Source: Stockopedia – Stock Market Research Network.
Everywhere you go these days you hear yet another investor singing the virtues of investing in low cost index trackers. Frankly the sales pitch makes sense doesn’t it? It’s very easy to understand and goes something like this:
“The majority of active fund managers underperform the market averages so why should you pay 2% for the privilege? If you buy an index fund you can guarantee average performance and thus beat the average fund manager.”
It seems that this idea is winning. The mainstream press sings the praises of low cost passive investing, while the knives are out for active fat cat fund managers. Meanwhile a Tsunami of money in the fund management industry is flowing into passive vehicles, and the flow of funds into the big providers like Vanguard is quite astonishing. The advisory community is voting with its feet and has decided that index investing is the light.
But my nostrils have started flaring from a growing stench of groupthink and I can’t help thinking that somehow this is all going to end in tears.
In a way, index investing is the ultimate piggyback ride on the coattails of the active management community. If you think about it, the selection of stocks that are included within the major indices is solely due to the discerning opinion of the active management community. These professionals bid the price of a stock up until it becomes a candidate for promotion to the relevant major index – such as the FTSE100 or Samp;P500. At this point index funds jump on the bandwagon and buy. The idea that this is a ‘passive’ process is beyond me – it’s an active decision to ride on the coattails of other people’s decision making.
The irony is that index funds haven’t had to pay the salaries of the people who pick their stocks for them. Index investing has been monstrously successful partly due to the fact that through this trick they’ve kept the costs of management extremely low. If there were any justice index funds would pay a tax to the active management community for their service.
But piggybacking can only be a successful strategy if you don’t get too heavy for your ride. As index investors have started to dominate the stock markets they have started to create some terrible unintended consequences. The horse’s knees are starting to buckle.
There was an excellent paper written in 2010 by Professor Jeffrey Wurgler of NYU Stern School of Business that I highly recommend reading. He preaches that the stock market has only a finite capacity to absorb passive investment funds without materially and detrimentally impacting the market.

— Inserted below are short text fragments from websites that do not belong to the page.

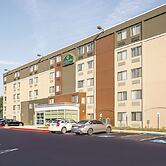 La Quinta Inn & Suites by Wyndham Baltimore N / White Marsh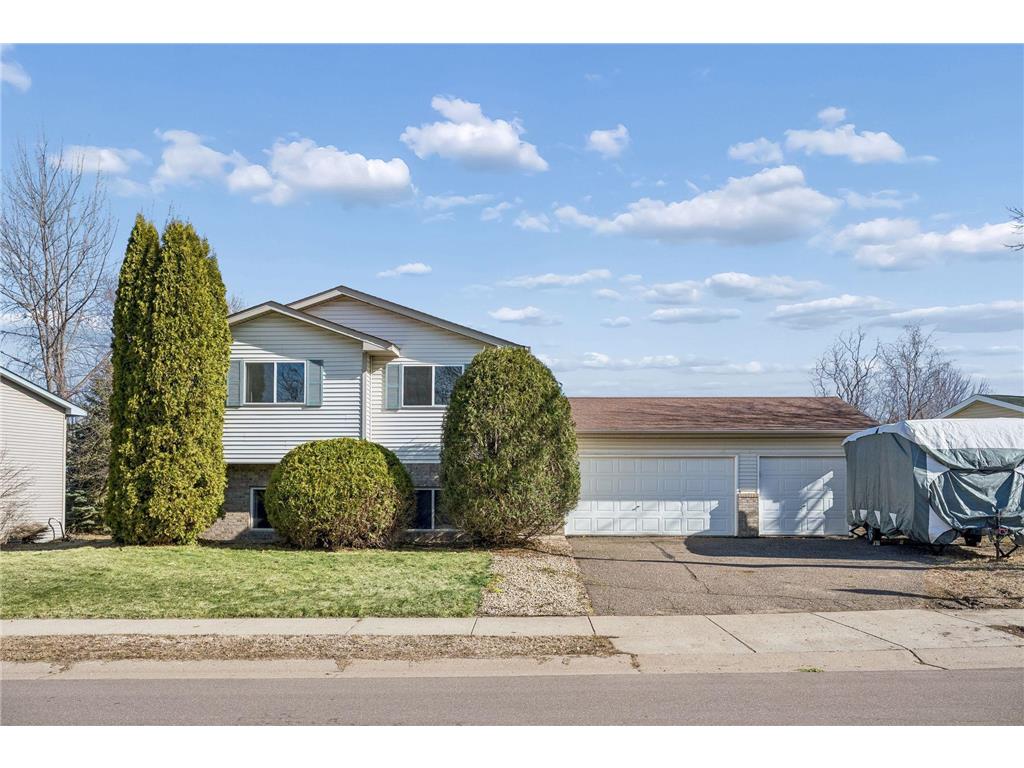 425 1st Street N Montrose MN 55363 7039338 image1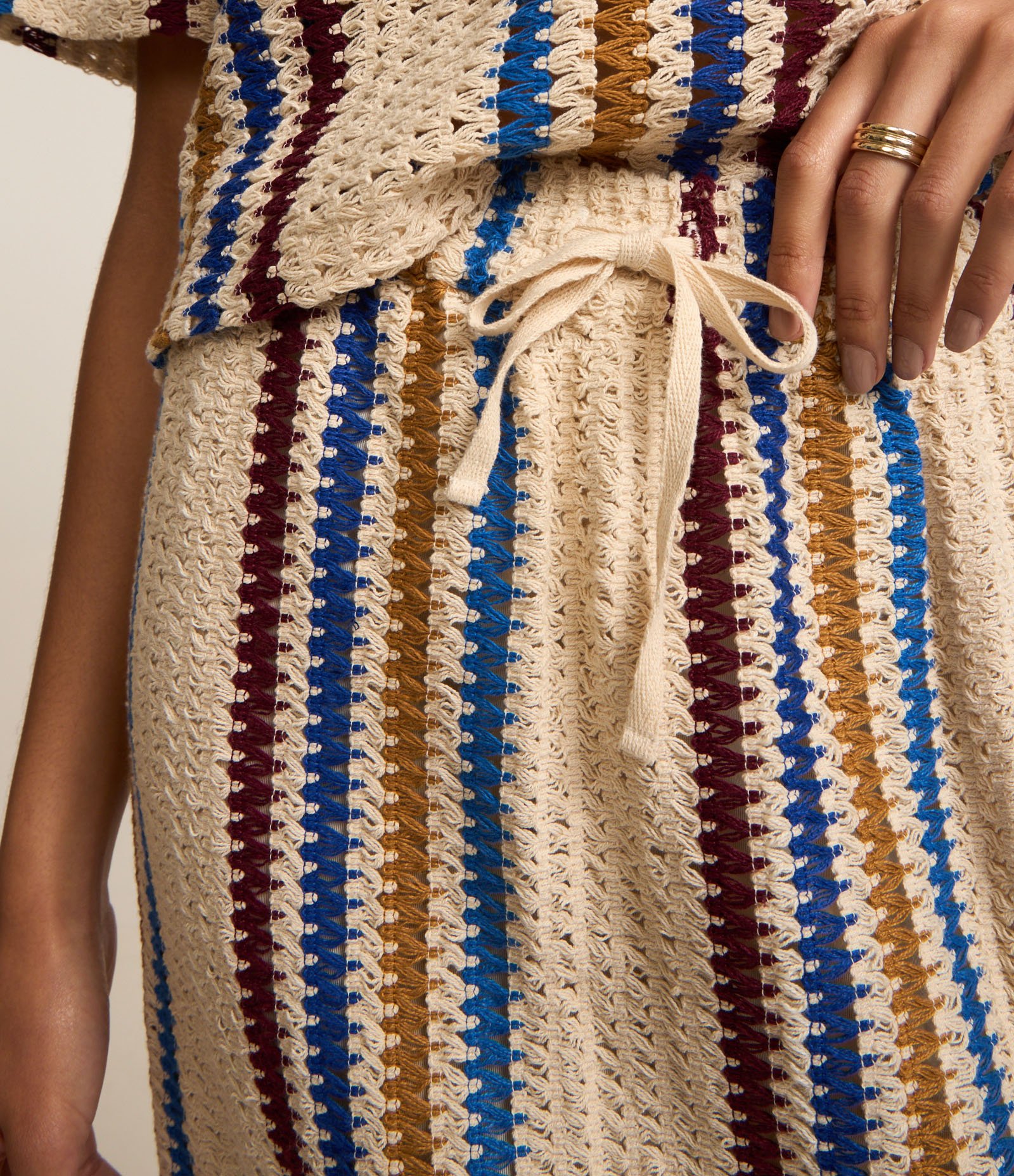 Saia Midi em Crochê com Amarração no Cós e Estampa Listrada Off White 4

The wall of money investing in passive trackers is causing prices to detach from reality – inclusion in the Samp;P500 index causes a 9% jump on average in the stocks price – but it doesn’t stop there. There is evidence that Samp;P 500 membership creates a price premium of 40% over non members. Many commentators, including the excellent blog at Psyfitec have warned of a looming ‘index bubble’, while Morck and Yang suggest that investing in these indices is essentially a “large cap growth and momentum strategy that can’t last forever – this “index bubble” will pop“.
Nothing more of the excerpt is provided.